How we accidentally doubled our JDBC traffic with Hibernate
This post describes my recent experience with Hibernate ORM. Over the years the framework has not stopped to amaze me in regards of performance problems you can end up with while using it. I thought I had seen it all, but this time I was again caught off guard.
The foundation for the problem was built while troubleshooting a completely unrelated library causing problems in one of our production servers. To gather more insight about the original issue at hand, we increased the verbosity in the logback configuration.
So all it took to create the below described effect was a mere log verbosity change for the org.* package from ERROR to WARN. After carrying out the necessary tests we harvested the information from the logs and forgot to change the log level back.
The problem started to reveal itself the next day, shortly after the log configuration had propagated to production. All of a sudden our monitoring started reporting problems from production left and right. As we eat our own dog food and monitor our own services with the Plumbr Performance Monitoring solution, we were greeted with information that certain services published to end users were facing latency-related issues.
Checking the information exposed, it became clear that everything seemed to be impacted. Instead of a more typical situation where poorly-performing code is localized within a single service/module, this time the entire JVM seemed to misbehave. In addition, it seemed that for 99% of the transactions, the latency was just barely impacted, but the worst case latency for almost every service had gone through the roof.
Luckily for us, the root cause of the problem was staring right at us. The list of root causes detected by Plumbr had exposed the culprit to the single line in source code. What we were facing were tens of thousands of calls to a SHOW WARNINGS statement being executed over the JDBC.
In addition, Plumbr root cause detection also exposed us the call stacks through which the calls were made:
com.mysql.jdbc.StatementImpl.executeQuery():1500 com.mysql.jdbc.SQLError.convertShowWarningsToSQLWarnings():714 com.mysql.jdbc.SQLError.convertShowWarningsToSQLWarnings():666 com.mysql.jdbc.StatementImpl.getWarnings():2299 com.zaxxer.hikari.pool.HikariProxyPreparedStatement.getWarnings():N/A org.hibernate.engine.jdbc.spi.SqlExceptionHelper.handleAndClearWarnings():320 org.hibernate.engine.jdbc.spi.SqlExceptionHelper.logAndClearWarnings():273 org.hibernate.engine.jdbc.internal.JdbcCoordinatorImpl.close():529 ... cut for brevity ... org.hibernate.jpa.spi.AbstractEntityManagerImpl.merge():1196 sun.reflect.GeneratedMethodAccessor.invoke():N/A sun.reflect.DelegatingMethodAccessorImpl.invoke():43 java.lang.reflect.Method.invoke():606 org.springframework.orm.jpa.SharedEntityManagerCreator$SharedEntityManagerInvocationHandler.invoke():293 com.sun.proxy.$Proxy.merge():N/A eu.plumbr.portal.service.ServiceDao.save():21
Having the call stack led us directly to Hibernate. Apparently Hibernate contains the following code in the SqlExceptionHelper.handeAndClearWarnings() method:
public void handleAndClearWarnings(Statement statement, WarningHandler handler) { // See HHH-9174. Statement#getWarnings can be an expensive call for many JDBC libs. Don't do it unless // the log level would actually allow a warning to be logged. if (LOG.isEnabled(Level.WARN)) { try { walkWarnings( statement.getWarnings(), handler ); } catch (SQLException sqlException) { // cut for brevity } //cut for brevity }
And here we had the culprit, staring us right in the face. The change to log configuration had enabled the WARN level logging for Hibernate modules. This in turn caused each and every access to the database to carry out a duplicate SQL query of “SHOW WARNINGS”, effectively doubling the number of JDBC calls to the database.
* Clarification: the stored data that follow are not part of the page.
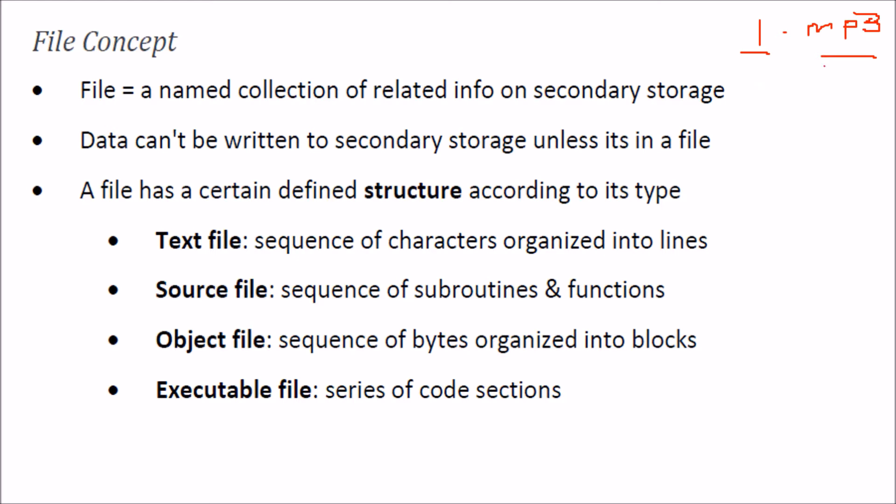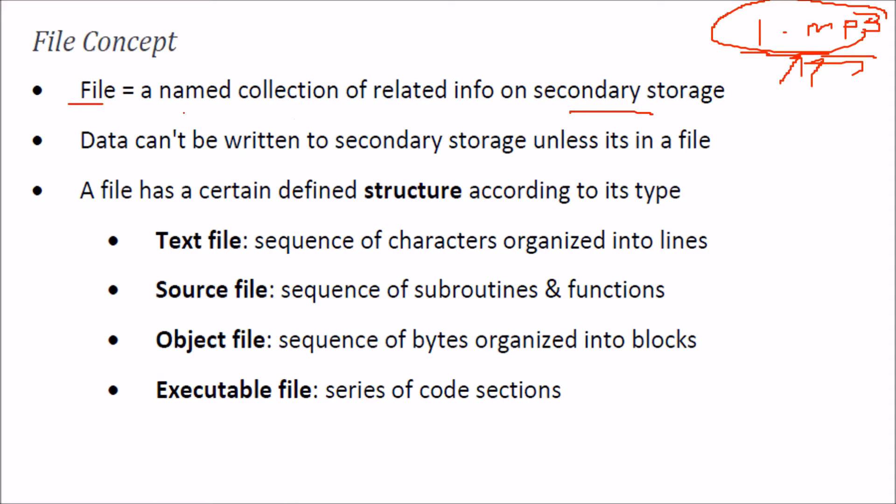It has some song inside it. In what form is it? How does the operating system deal with it? This is known as a file. Files can be of various types. Simply, a file is a named collection of related information on secondary storage. You cannot have a file in main memory. When it has to be played, it has to be brought into main memory. But when you want to see it, you will see it on secondary storage. Data cannot be written to secondary storage unless it is in a file, so you have to make some file to write it to secondary storage.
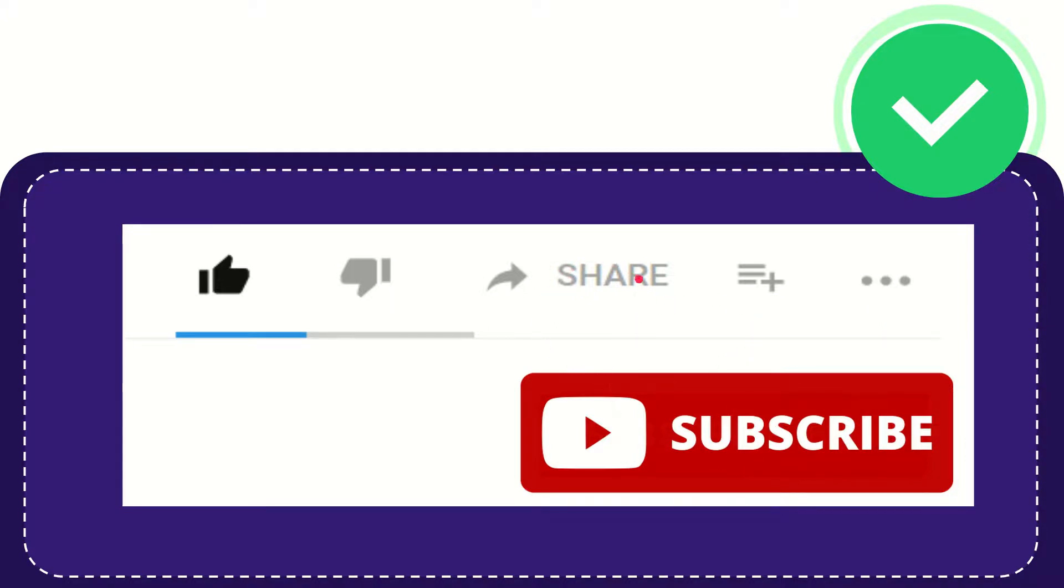I think that's all of it. Thank you so much for watching this video and see you again in another video. Bye bye, see you again.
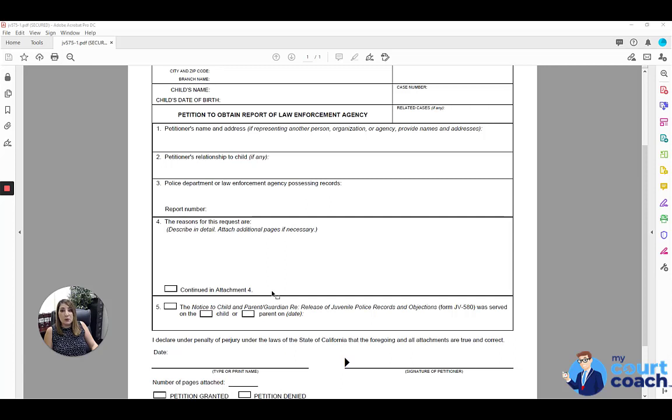If the minor is a ward of the juvenile court, then the minor's delinquency attorney, the district attorney, and the probation attorney must also be notified.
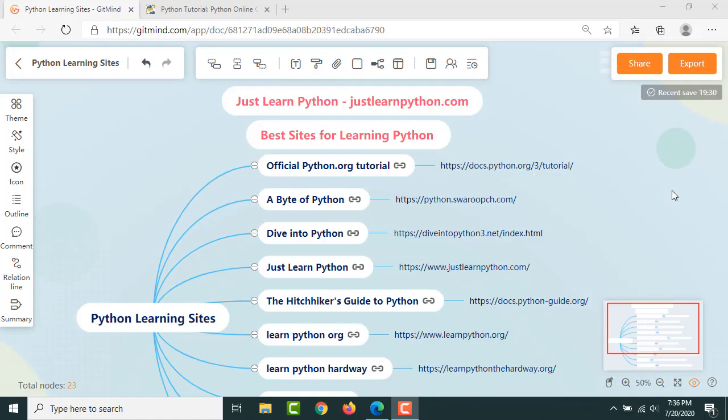Hello and welcome to Just Learn Python. In this video I'm going to share some websites for learning Python. Before that, if you are not subscribed to this channel I would request you to please subscribe and click the bell icon so that you will not miss any updates from this channel. I have listed some websites for you to learn Python.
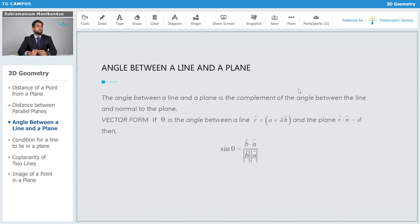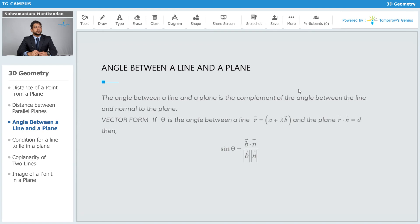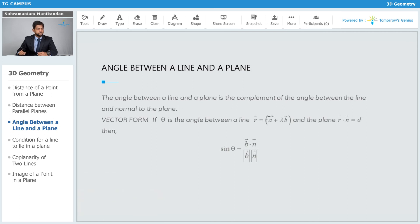The angle between a line and a plane is the complement of the angle between the line and the normal to the plane. In vector form, we take the dot product of the vectors representing the direction of the line and the normal to the plane. If theta is the angle between the line r̄ = ā + λb̄ and the plane r̄ · n̄ = d, then sin θ equals b̄ · n̄ divided by the magnitude of b̄ times the magnitude of n̄.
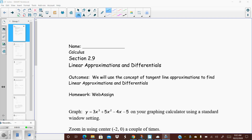This is section 2.9, the last section in chapter 2, but it's really a continuation of our applications of derivatives. Today we're going to talk about linear approximation and differentials. They kind of go together but are also kind of separate — two things in one, but with a tie-in to both.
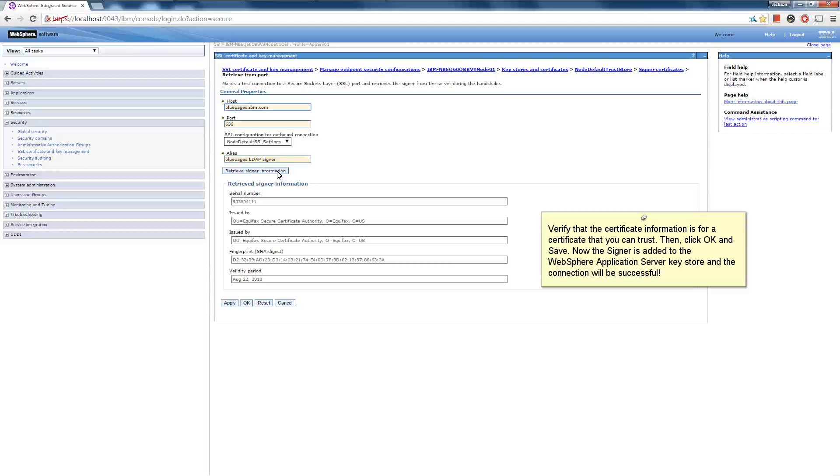Verify that the certificate information is for a certificate that you can trust. Then click OK and Save. Now the signer is added to the WebSphere application server key store, and the connection will be successful.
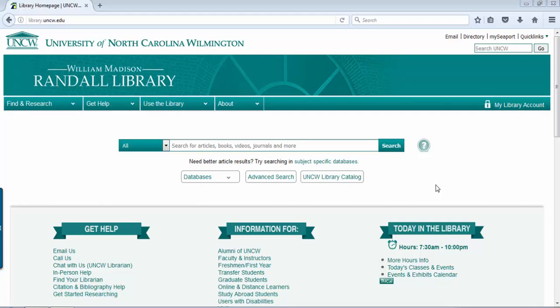Hey, I'm Melissa Raymer, the Education Library Liaison, and I'm going to go over ways to locate articles and other research material for your class projects. I'm going to show you some places to start.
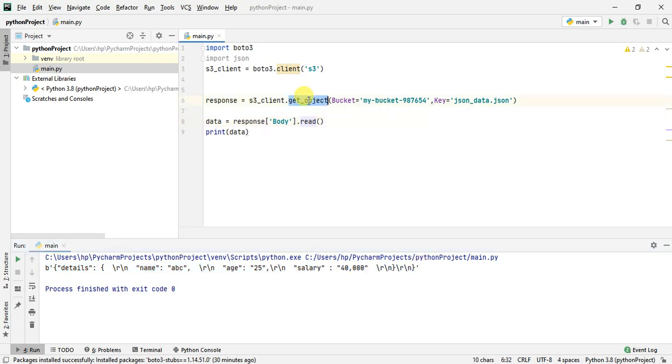That's how you use the get_object method to read data from S3 bucket. Hope you understood. If you like the video please give it a thumbs up and if you're not subscribed to my channel yet, please subscribe. I'll see you in the next video. Thank you.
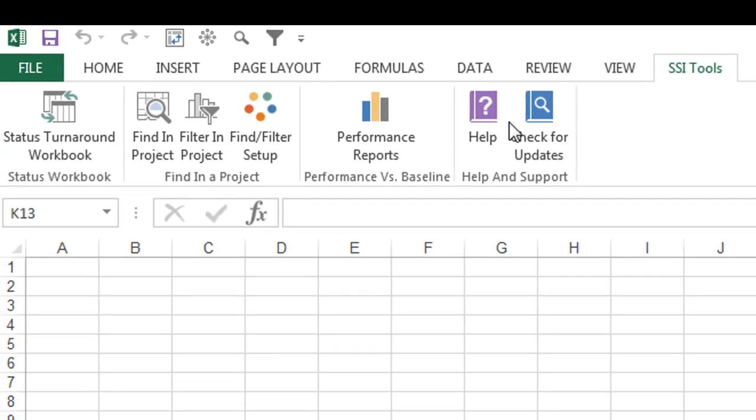See all we offer in the Structured Solutions Add-In for Microsoft Excel by signing up for one of our free online demonstrations. Do it today, and we'll talk to you soon.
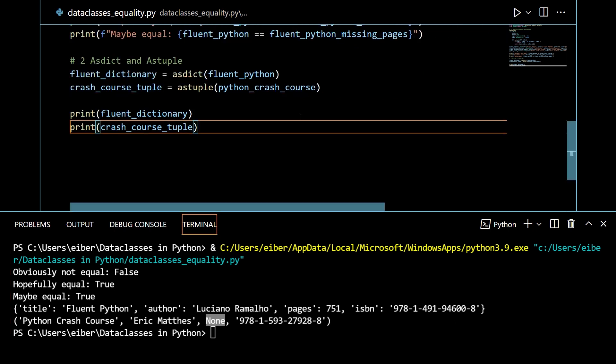So I hope you learned something new. In the next video, we're going to talk about how you can add a custom ordering to your data classes, making them even more powerful.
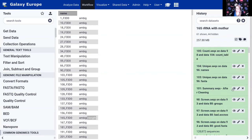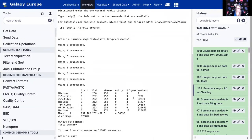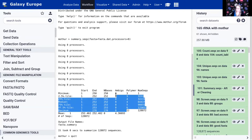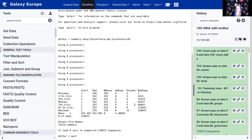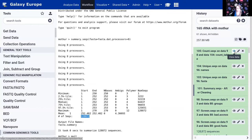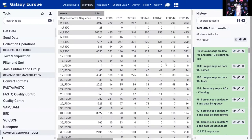Looking at the summary after cleaning: our maximum length is now 270 bp, exactly the limit we set. All data has zero ambiguous bases. The total is 128,872 sequences. The count table from count.seqs shows for each unique sequence how many times it occurs in each sample — for example, this read represents 4,402 total sequences — and we will provide this count table together with the FASTA file for downstream analysis.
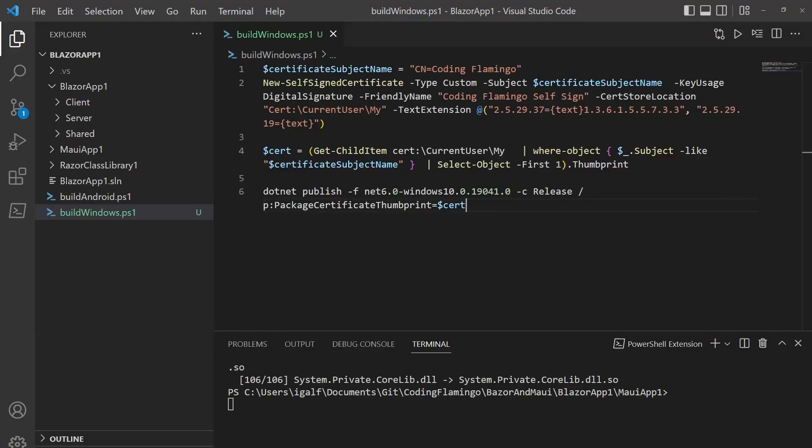So once again, we're going to use a self-signed certificate. So this is a certificate that is not actually trusted. If you would want to actually deploy this across Windows, you would have to buy a real certificate from a provider. And also you should probably protect it with an HSM or something like that. You shouldn't just have it in software keys.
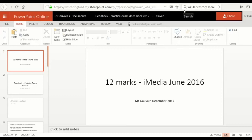Welcome to the screencast. My name is Mr. Gauvin and we are going to look at the iMedia June 2016 12 mark question.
According to Google, the issue is quite a widespread. Is it a reasonable design from the authors of Hibernate? On one hand, the functionality is indeed useful: if your JDBC access has generated any warnings you might wish to expose this information. And on the first glance current implementation is absolutely the logical one: to configure whether you want to see some warnings or not you configure logging framework.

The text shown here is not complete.